---------- DATA SUPPLIED

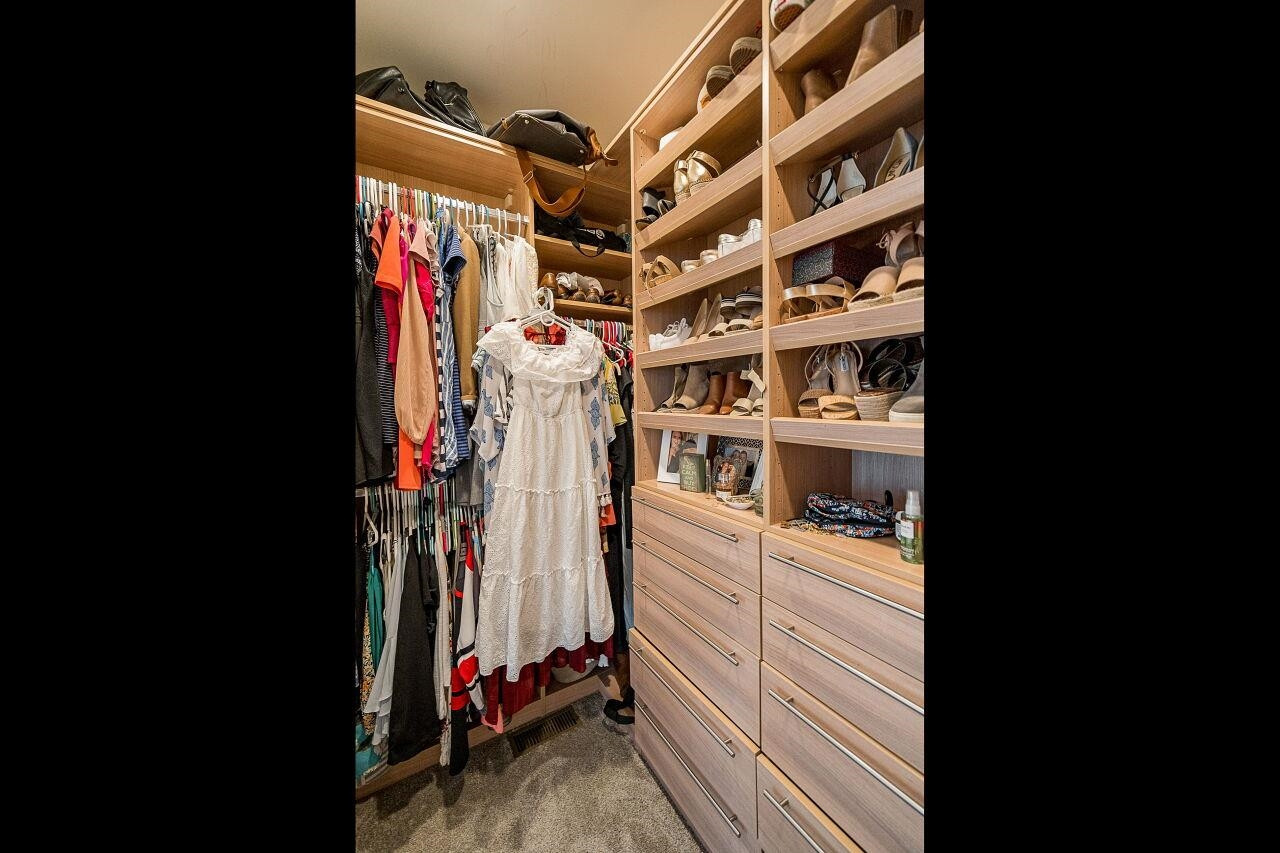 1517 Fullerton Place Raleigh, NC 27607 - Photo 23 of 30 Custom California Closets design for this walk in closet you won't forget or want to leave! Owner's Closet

--------------------
---------- DATA SUPPLIED

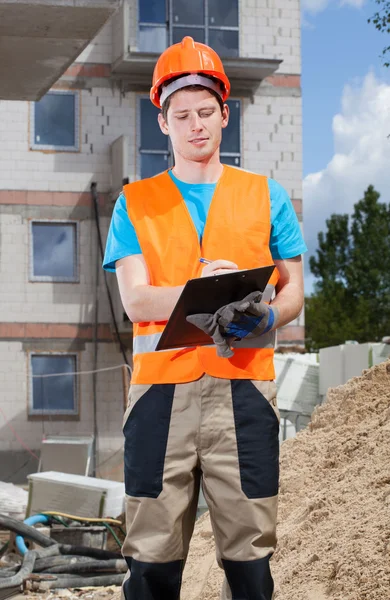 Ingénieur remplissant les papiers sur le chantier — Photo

--------------------
---------- DATA SUPPLIED

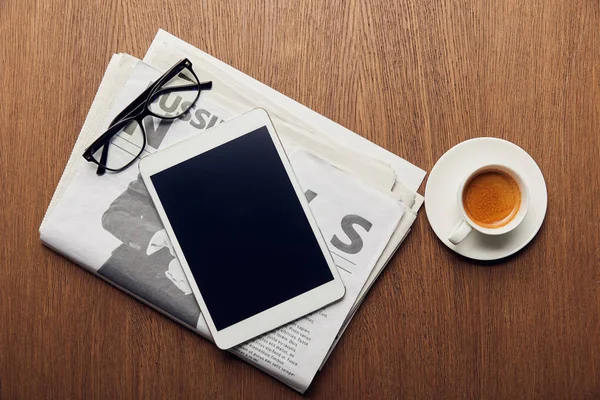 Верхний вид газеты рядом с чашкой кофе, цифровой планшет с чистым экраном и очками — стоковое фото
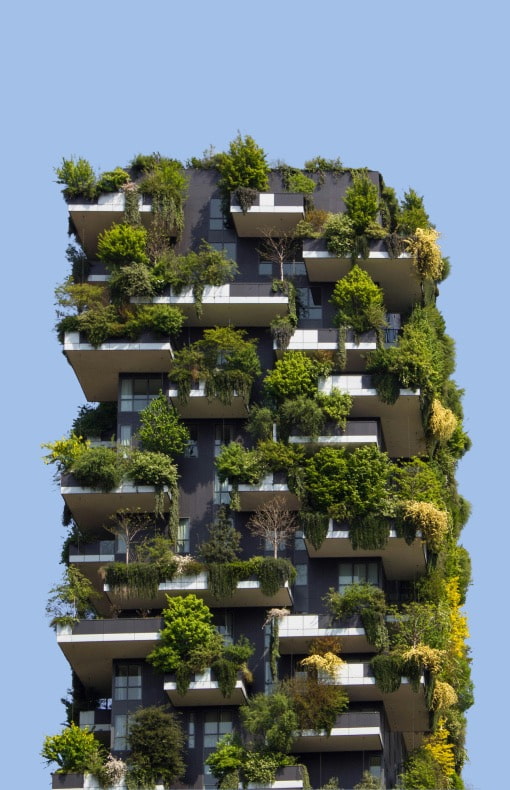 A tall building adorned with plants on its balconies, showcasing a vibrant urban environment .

--------------------

The answer must be the part of the records that opens with the line containing "Верхний вид газеты" and closes with the line containing "A tall building", reproduced exactly, with no pictures.

 Верхний вид газеты рядом с чашкой кофе, цифровой планшет с чистым экраном и очками — стоковое фото
 A tall building adorned with plants on its balconies, showcasing a vibrant urban environment .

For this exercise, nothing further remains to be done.